SIMARD: Well, forests cover about a third of our land. And they take up about 80% and store 80% of the CO2 that's in our atmosphere in the ground. And they also are home to 80% of our species. And if we lost forests, we wouldn't be here. So their mere existence or their ability to recover is what our lives depend on. They are our life support systems.

But we have a role to play in helping save forests, too, because as climate is changing, the velocity of climate change is much faster than how our forests can adapt, how trees can adapt. And so we have to have a hand in helping these forests adapt and change.

And one of the key things to doing that is called assisted migration. So as climate changes, tree species need to move to habitats where they are adapted to those climatic conditions so that they can survive, and so that assisted migration means taking genotypes from warmer climates and moving them northward or upward. And in so doing, we can maintain a forest cover that will maintain these life support systems that - you know, that we rely on.

SIMON: I address this last question with absolute respect, even if it sounds dotty because I finished your book the other night. And I joined my family for dinner, and I picked up a piece of asparagus. And I looked at it and thought, should I really be eating you?

SIMARD: (Laughter).

SIMON: Not so long ago, you were communicating with, you know, maybe the stalk next door. I mean, it really made me examine that.

SIMARD: Yeah. It would have been communicating with the stalk next door. So that's very, very astute of you to think about that and kind of you to think of that.

SIMON: I ate it with lemon and sea salt, but...

SIMARD: (Laughter) But it's - you know, it's OK to eat the asparagus, and it's OK for us to be living in forests and using the forest. You know, we're all part of this big biosphere, and our cycles depend on trophic levels.

SIMON: Remind us what trophic means.

SIMARD: It means the different levels of organisms that eat each other that cycle nutrients. And at the baseline of that trophic pyramid are plants - green plants, trees.
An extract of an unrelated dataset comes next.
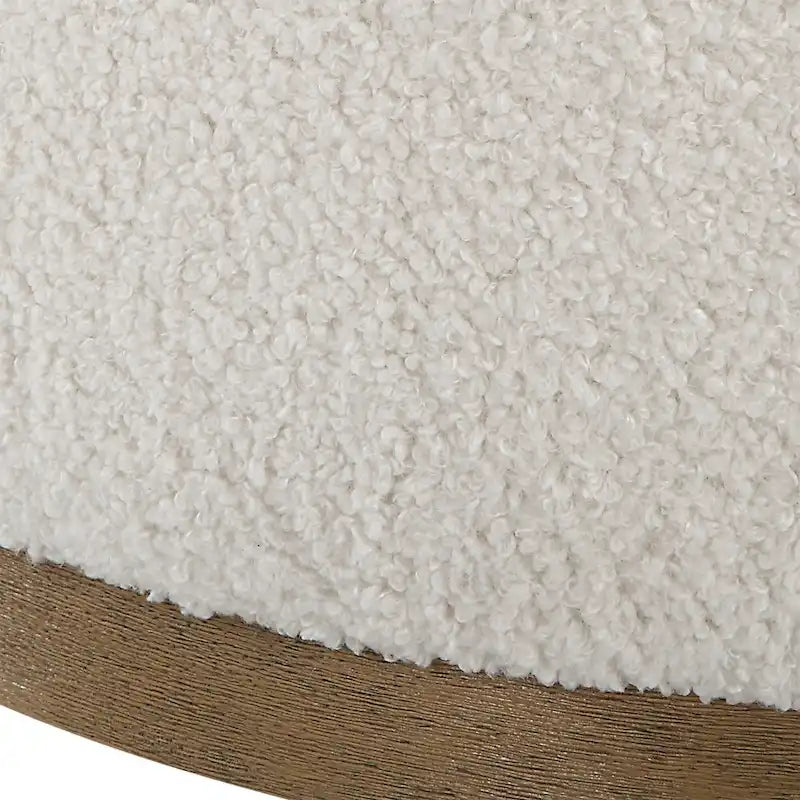 Tapicerowany puf obrotowy Fluffy – 24 – biało-brązowy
They're the things that capture light energy, turn it to chemical energy, and that's how come we're all here, is because of photosynthesis. You could think of it that they're kind of in service to the rest of the trophic food web, and human beings are pretty much at the top of that food chain. And so you don't need to feel guilty about eating asparagus because it is there as part of our food web.

SIMON: Suzanne Simard - her book, "Finding The Mother Tree: Discovering the Wisdom Of The Forest" - thanks so much for being with us. And if I may say, bon appetit.

SIMARD: Thank you. Bon appetit to you, too.